5.5 Catch rates in Bangweulu compared with other African fisheries.

A comparison of catch rates from different other water bodies in Africa (Table 12) shows that in general the catch rates in Bangweulu are low in terms of weight, but high in terms of numbers compared to the other systems. It should be noted that the data from Lake Kariba are from an unfished locality (Zimbabwean side) and from an intensely fished area (Zambian side) (see also Kolding, Musando and Songore this volume, 2003). The CPUE by weight in the experimental multi-filament gillnets in Bangweulu is higher than in Lake Kariba (Zambian side) which is a heavily fished system, but lower than the heavily fished Lake Mweru and the unfished Zimbabwean side of Lake Kariba. The CPUE by number, however, is among the highest of all the other systems and correspondingly the mean weight of the fish, 30 g in the multi-filament nets, is the lowest. This demonstrates the small average size of the fish in Lake Bangweulu as already seen from the biomass-size distribution (Figure 8). Differences in mean size may not be directly comparable between a swamp and an open lake ecosystem. The Okavango Delta, however, should in many ways be an ecosystem comparable with the Bangweulu swamps and here the catch rates in the Lundgren nets are among the highest of the different systems. In contrast to Bangweulu, the Okavango Delta is very lightly exploited (Mosepele, 2000) and this could be a reason for the higher catch rates and higher mean weight. On the other hand, the Okavango River in Namibia is generally highly exploited, and here the catch rates are slightly lower than in the Bangweulu swamps, although the mean weights are higher (Table 12).
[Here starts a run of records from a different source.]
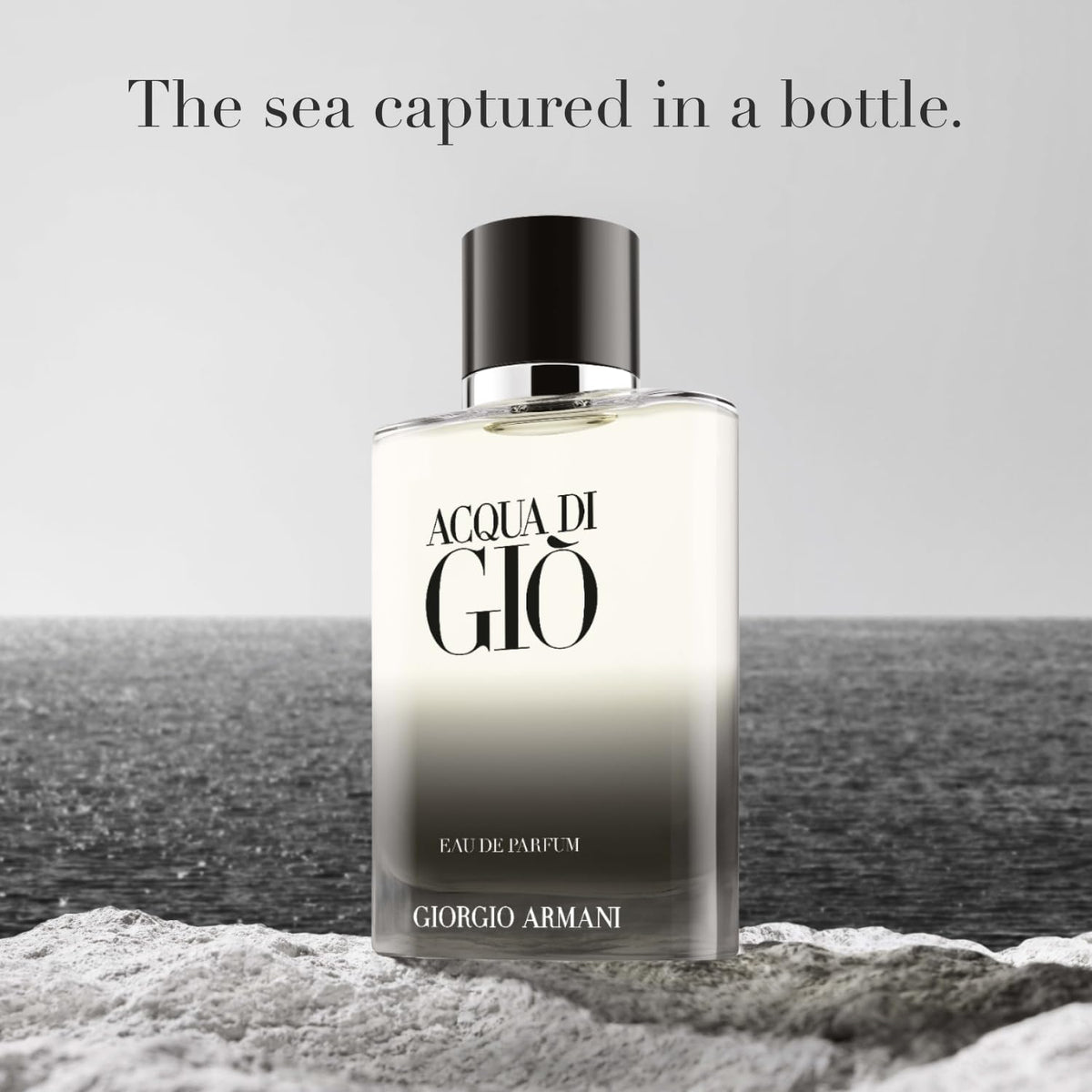 Close-up of Armani Beauty Acqua di Giò cap with monogram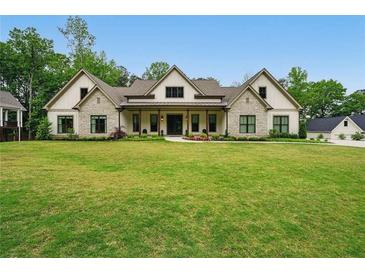 Beautiful home featuring a well-manicured lawn, stone accents, and a covered porch perfect for relaxing at 131 Forsyth Park Ln, Woodstock, GA 30188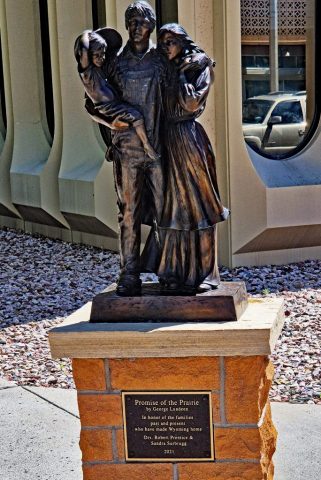 Das Siedler-Denkmal „Promise of the Prairie“ - die ausdrucksstarke Bronzeskulptur einer Siedlerfamilie auf einem Steinsockel, die Schutz und Zusammenhalt der frühen Pioniere symbolisiert. 1021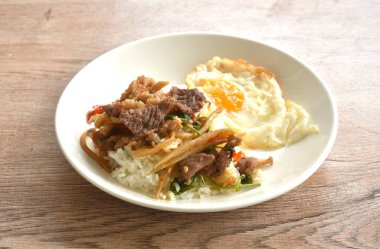 Baharatlı kızarmış bambu filizi ve pirinçli yumurta üzerine fesleğen yaprağı soslu biftek eti.  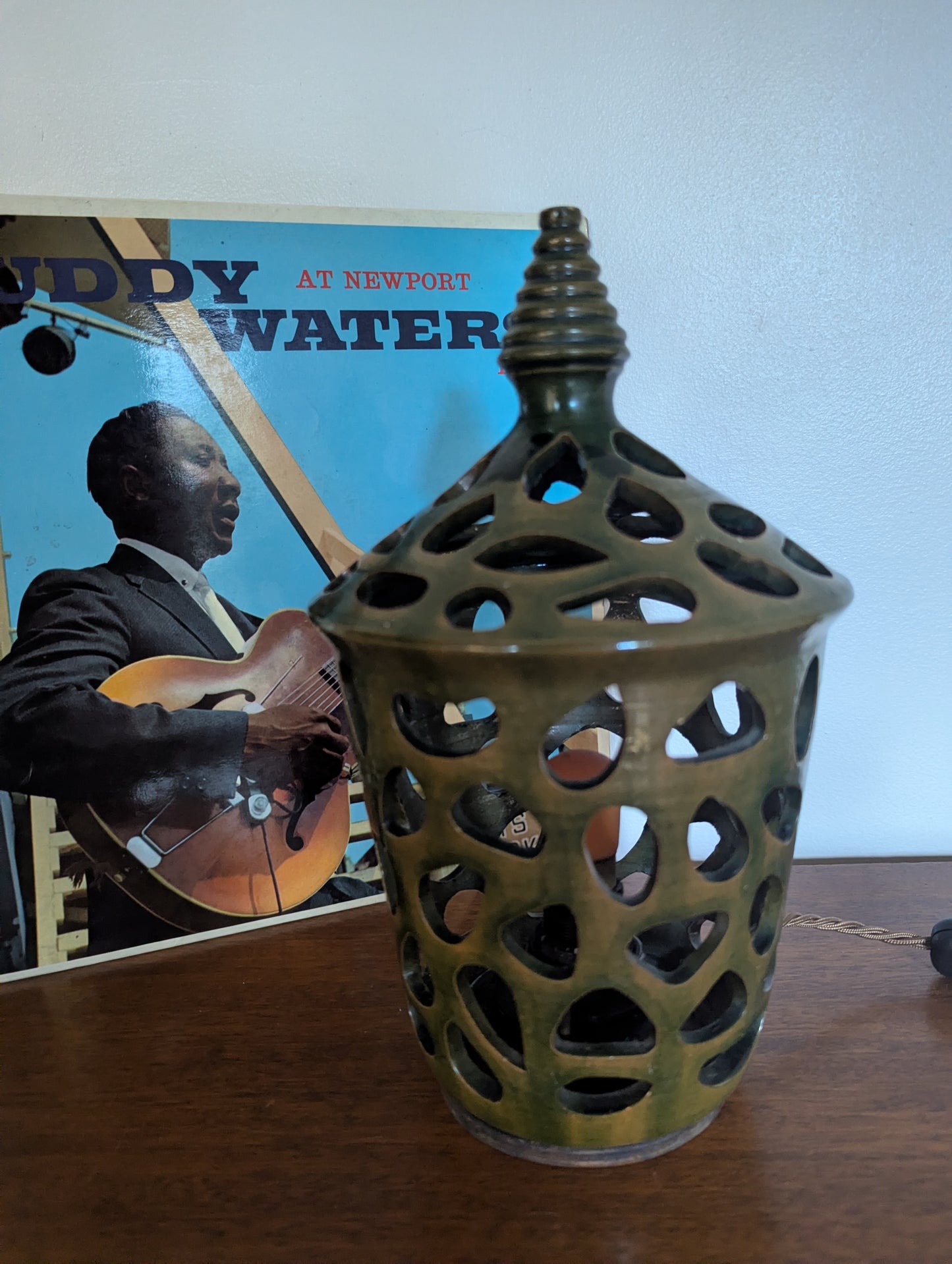A ceramic mid twentieth century pottery table lamp on a wooden table top
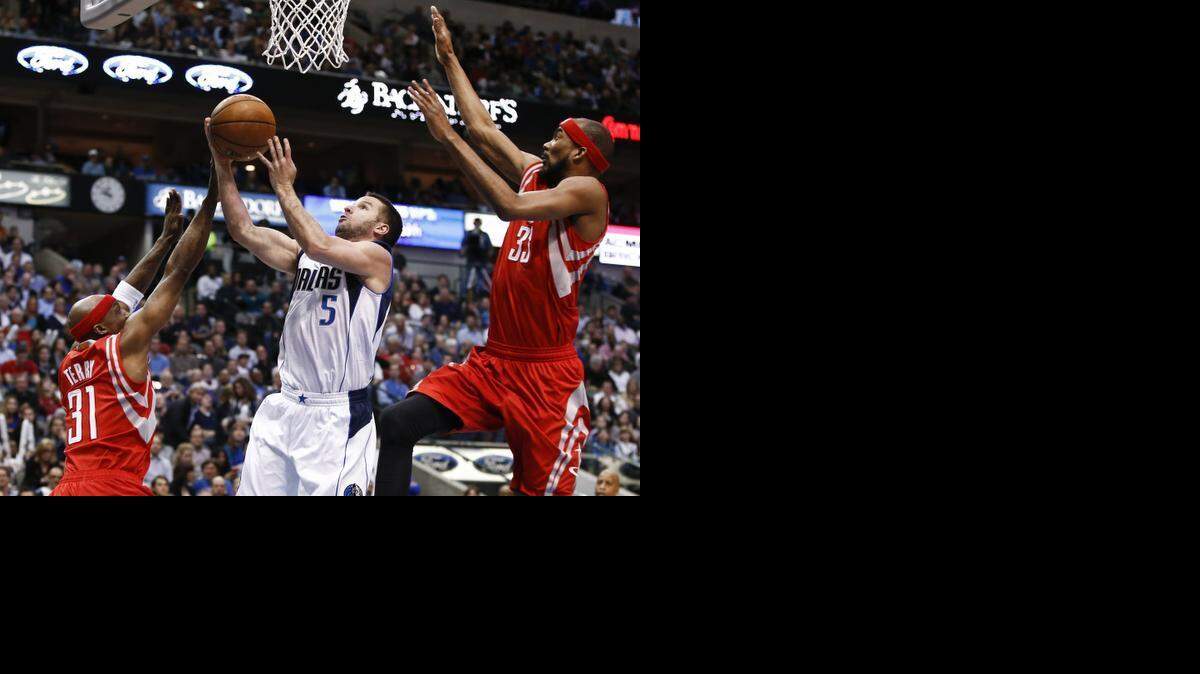 J.J. Barea of the Mavericks puts up a shot between the Rockets’ Jason Terry, left, and Corey Brewer.<252><137>Dallas Mavericks guard J.J. Barea (5) shoots between Houston Rockets guard Jason Terry (31) and Houston Rockets guard Corey Brewer (33) during the first half of a basketball game, Friday, February 20, 2015, at the American Airlines Center, Dallas,Texas. (Special to the Star-Telegram/Jim Cowsert)<252><137>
TABLE 12. Comparison of catch rates (mean ± SE) for different water bodies in Africa using similar experimental, monofilament (Lundgren) gillnets (42 x 1.5 m) and standardiszed multifilament experimental gillnets (45 x 2 m). Sources: Lutembwe, Mukungwa and Kang’ombe (Fjälling and Fürst, 1991). Kariba, Zimbabwian side (= unfished) (Karenge, 1992 and Sanyanga, 1996), Kariba, Zambian side (= fished) (Musando 1996), Lake Ziway (Gelchu 1999), Okavango Delta, Botswana (Mosepele 2000 and Mmopelwa unpublished), Khashm El-Girba (Salih 1994), Mweru-Luapula (van Zwieten and Kapasa, 1996), Okavango River, Namibia (Hay et al., 2000). As the CPUE is obtained with similar standardiszed gillnets (same twine, mesh sizes and gear area), the values are comparable as indices of the fish abundance in the different systems.